The following season he played opposite Jason Robards in an extremely
successful off-Broadway production of Eugene O’Neill’s
The Iceman Cometh. In 1961 he was
nominated for an Academy Award for his portrayal of violent hit-man Abe Reles in
Murder, Inc.—his first feature film.
The following year he was nominated for an Academy Award for his role as
Joy Boy in Frank Capra’s Pocketful of
Miracles. Throughout the 1960s
he appeared in several memorable roles in such films as
The Great Race,
It’s A Mad, Mad, Mad, Mad World, and
Anzio.
The 1970s were among the
most productive and creative years of Peter’s career.
He collaborated with his good friend John Cassavetes on several
independent films including Husbands (1970) and A Woman
Under the Influence (1974), both of which are credited with helping launch
the independent film movement. In
1971 he won a Tony for his performance in Neil Simon’s Broadway hit
The Prisoner of Second Avenue.
He continued to work with Neil Simon during the 70s, delivering two
unforgettably hilarious send-ups of Bogart-type P.I.s, as Sam Diamond in
Murder by Death (1976) and Lou
Peckinpaugh in The Cheap Detective
(1978). A year later he played the charming but unpredictable Vincent Ricardo in
the classic comedy hit The In-Laws.
His
favorite role of all, that of Lieutenant Columbo, first came to him in 1968 when
he played the detective in a television movie.
In 1971, Columbo was picked up
as one of the rotating features of The NBC
Mystery Movie, a series which ran until 1977.
Falk has played the role off and on since then, winning four Emmy awards
and scores of nominations. The most recent Columbo television movie aired in
2003.
At the age of 79 Peter Falk, who is also an accomplished
artist and an avid golfer, still maintains a busy schedule and is showing no
signs of letting up. His highly entertaining book of reminiscences and
anecdotes, Just One More Thing, was
just released by Carroll and Graf.
His most recent film, Checking Out,
opened in theaters last month.
AFG:
Well, I’ve just finished reading your
book [Just One More Thing] and I
really enjoyed it. It was so funny.
I found myself laughing out loud at the stories.

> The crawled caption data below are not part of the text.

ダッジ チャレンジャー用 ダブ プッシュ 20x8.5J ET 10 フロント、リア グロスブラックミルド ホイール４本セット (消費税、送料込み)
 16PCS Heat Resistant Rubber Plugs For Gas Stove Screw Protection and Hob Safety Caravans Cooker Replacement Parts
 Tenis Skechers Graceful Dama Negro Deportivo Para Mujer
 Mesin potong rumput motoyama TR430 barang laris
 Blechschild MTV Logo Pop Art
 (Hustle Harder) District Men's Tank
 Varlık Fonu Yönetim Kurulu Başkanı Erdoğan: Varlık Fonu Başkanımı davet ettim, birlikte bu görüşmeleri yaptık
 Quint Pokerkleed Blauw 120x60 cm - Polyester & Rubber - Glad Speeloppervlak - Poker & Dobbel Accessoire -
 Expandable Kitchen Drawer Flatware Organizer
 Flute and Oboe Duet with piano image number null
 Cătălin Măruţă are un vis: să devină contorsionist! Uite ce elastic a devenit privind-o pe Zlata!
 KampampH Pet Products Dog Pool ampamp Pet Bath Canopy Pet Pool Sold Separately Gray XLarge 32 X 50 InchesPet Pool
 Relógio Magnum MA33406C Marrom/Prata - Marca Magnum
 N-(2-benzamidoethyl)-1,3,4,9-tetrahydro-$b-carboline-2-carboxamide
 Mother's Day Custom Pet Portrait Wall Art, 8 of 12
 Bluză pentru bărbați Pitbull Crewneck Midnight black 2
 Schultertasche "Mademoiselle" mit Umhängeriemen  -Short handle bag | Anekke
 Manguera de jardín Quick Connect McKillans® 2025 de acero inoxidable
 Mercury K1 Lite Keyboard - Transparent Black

So many times when I’ve read autobiographies by actors, I’ve found they
can be very boring, but yours was so entertaining.
PF:
Well, that’s music to my ears.
I said in the Foreword that when I was a kid an autobiography was the
life of Abe Lincoln and, you know, I felt somewhat similar to you in the fact
that detailed versions of some actors’ lives never held my interest. But I was
tempted to write an entertaining book that would have stories that could be read
rather quickly. I like to read
before I go to sleep and I go to sleep about twenty minutes [after getting into
bed], so it’s nice to be able to read a story that you can read in three
minutes, get a laugh, and then go to sleep! [laughing]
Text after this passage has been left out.